I shovel hard, but despite my persistence, icy tire tracks still cling to the pavement. I know they need to be removed, but I've been out here for almost an hour. My shoulders, chest, and hands are getting sore and my face is becoming numb from the cold. I push the majority of the loose snow off to the
side and call it a morning.
This afternoon I had lunch with a group of pastors at a local restaurant. We gathered in table groups to talk about the ways that God is leading us in our own personal lives, as opposed to the conversation-per-usual: our congregation, programs, ideas, and strategies. But not a minute had gone by before our table was talking about our churches again. What church we work at, what programs we've tried, our complaints about supervisors, how we wish things were different. I understand it's hard, working at church, to not talk about work. It's hard work to talk about yourself, to be vulnerable and exposed. So we find ourselves running back over our old churchy patterns.
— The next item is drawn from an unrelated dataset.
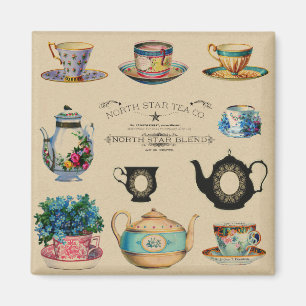 Aimant Teacups Vintage Rétro Teapot Publicité Floral.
If we park our cars in the same spot, we'll have packed ice in the same places. Eventually, the ice will be too thick to scrape up and we either need a different shovel* or we need to park our cars in new spots. Or both.
As I pulled up our driveway (packing down a fresh layer of ice), Rachel and our neighbor, Sandy, were headed toward me. They were all bundled up for a walk together, chuckling, talking, and leaving fresh footprints in the soft powder of our driveway.
Wow. Now that's what I'm talking about.
*or a snowblower! Here I am with my dinky little shovel and my seventy-year-old neighbor, Sandy, has a badass snowblower. When I first started shoveling I almost shoveled her driveway too. "She's a poor old lady," I thought. Psh - forget about it! I need HER help!